Over the years I've lost several dogs and cats, usually to age (theirs, not mine!).  Each time I would tell myself that when _Brandy _or _Mac_ (or whatever the name of the last pet) thought it was time for me to get another one then the next one will find me. Seems it has always happened that way. And who can turn away a pet that instantly takes a liking to you? 

A few years ago I wanted to get another dog but kept off even looking for one because of my age and the fear that no one would take care of it after I died. Well, a little mixed breed showed up IN my fence and no one in the area claimed her. When I took her to the vet I was told she was about 5 years old. Well, she's now 8 and I don't think I could have found a better fit on my own. 

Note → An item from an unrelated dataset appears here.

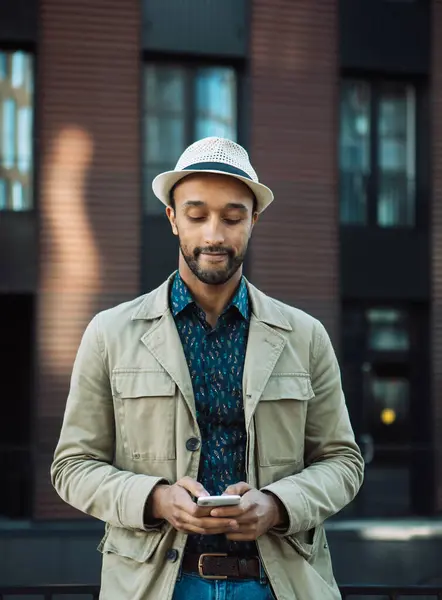 在现代商务中心附近 年轻英俊的非洲男子戴着帽子 用智能手机发短信 图库照片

So, when the time is right, I believe you'll run into another companion.


----------



## Keesha (Nov 26, 2019)

terry123 said:


> Sorry, Keesha we will have to agree but disagree on this one. Just my opinion and I stand by it.


So you know better about the smell and cleanliness of my own house better than I do? That’s amazing terry.  Yes we WILL choose to disagree.


----------



## terry123 (Nov 26, 2019)

No. I don't know about your house Keesha but you are used to the smell and that's why it does not bother you.


----------



## Keesha (Nov 26, 2019)

terry123 said:


> No. I don't know about your house Keesha but you are used to the smell and that's why it does not bother you.


I do leave my house terry. I’d sometimes be at my parents house for days and come back to my own house. If my house smelled then walking into my house after not being there for that long would be a perfect test . There’s nothing detected.

The reason why my house doesn’t bother me is because there is NO smell.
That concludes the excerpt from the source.